そのかわりモダンなソフトウェアを開発するために必要なすべてがGitLabから提供される。GitHubは他サービスとそれこそ協働することでモダンな開発を実現する。(CI/CDにCircle CIやTravis CIを設定して、カバレッジはCodeCovでとってと芋づる式に関係サービスが増える。Issueトラッカーも締め切りさえ設定できない)。GitLabはCI/CDはGitLab CIで行えるし、カバレッジはGitLab Pagesで閲覧できるしとGitLab以外の外部サービスを利用する必要がない。Issueトラッカーもデフォルトで色々とできる。
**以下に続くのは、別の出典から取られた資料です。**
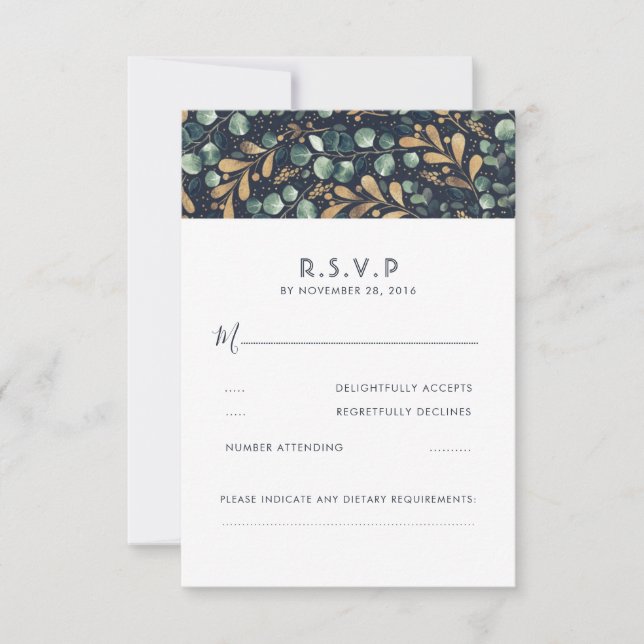 Green Blue und Gold Wedding RSVP Karte (Vorderseite)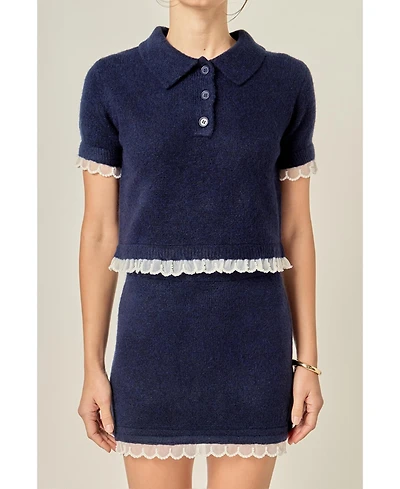 English Factory Women's Scallop Detailed Knit Top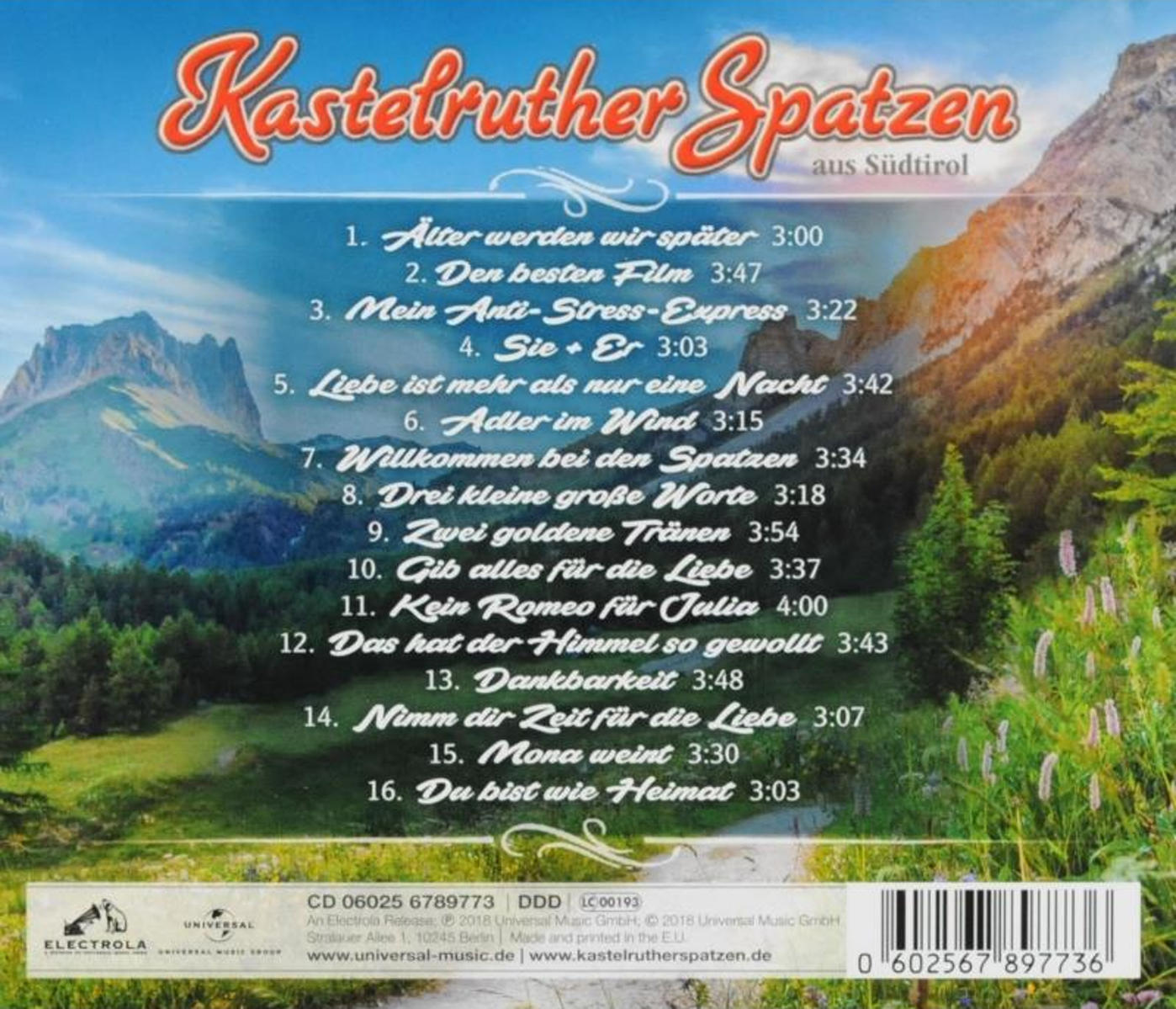 CD-Cover mit Berglandschaft und Text: Kastelruther Spatzen. Titelliste ist sichtbar.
GitLabはまさしく、“A single application for the entire DevOps cycle.” なのだ。
GitLabを使いまくる
わたしは業務でGitLabを使いまくっている。GitLabと社内のチャットツールさえあれば仕事ができる。業務で利用するアプリケーションが少なければ少ないほどいいと思っている。
具体的には、
- Issues で課題の整理・経過の記録
- MR でコードレビュー
- CI/CD
- pushされるごとに単体テスト
- developに変更があるごとに結合テスト
- developブランチのNightlyビルド
- タグを打った時の自動ビルド
- ビルドした成果物は registry.gitlab.com にホスト
これらが単一のアプリケーションだけで実現できる。
余談
と、宣伝をしたがわたしは最近個人ではGitHubしか使っていない。理由は会社で使っているものを個人でも使っているとなんか仕事感が出てしまう。アカウントを変えても同じ。
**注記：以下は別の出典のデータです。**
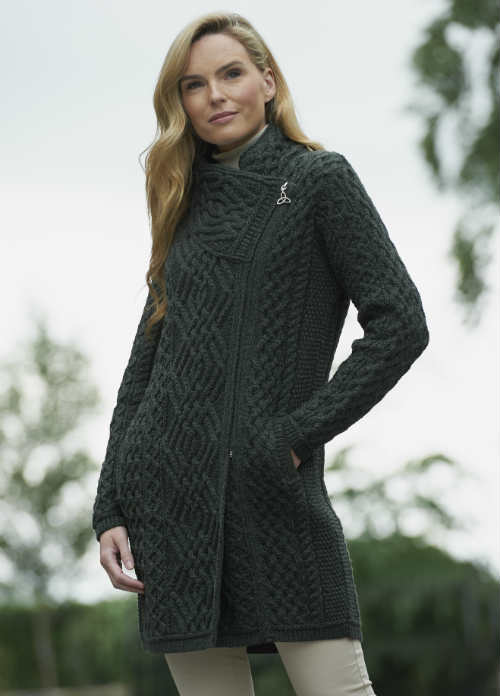 Aran Long Side-Zip Sweater [3 Colors]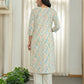Yufta Blue Pure Cotton Floral Print Kurta Dupatta Pant Set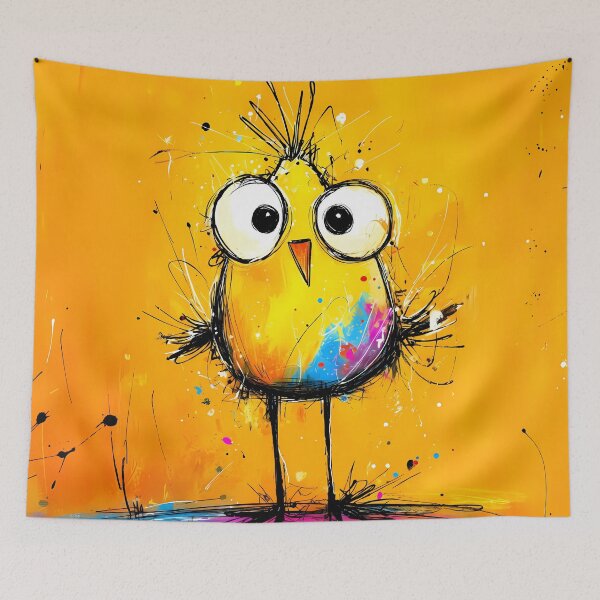 Item preview, A quirky, colorful bird with large eyes in a pop art comic style. designed and sold by WhimsyArt ○ byGTL.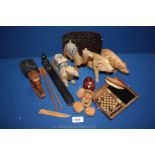 A quantity of Treen including animals, travel chess set,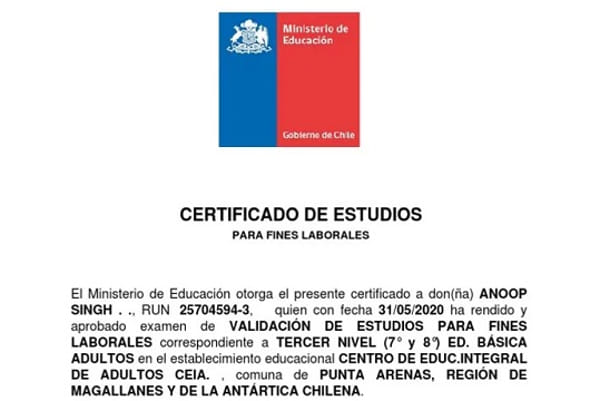 Certificado de estudios para fines laborales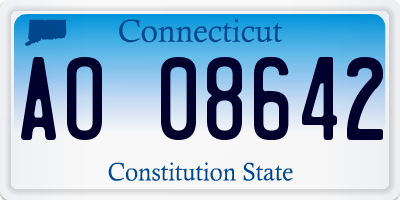 CT license plate AO08642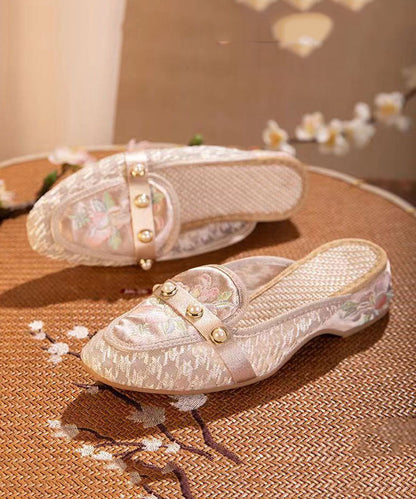 Tulle Embroideried Nail Bead Splicing Pink Slide Sandals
あと外部サービスにしてもソースコードを公開している限りは外部サービス利用も無料であったりする4。GitLabしか使わないのはそれはそれで意味のあることではあるのだけれど、外部サービスの使い方に慣れておくのも別に悪い経験ではない。というかOSS開発では普通に使われているし、そういうツールの使い方を全く知らないのもいかがなものかと思ってしまう。
ということで最近平日はGitLab、休日はGitHubを見るという生活をしている。これはこれでバランスが取れていていいんじゃないかと思っている。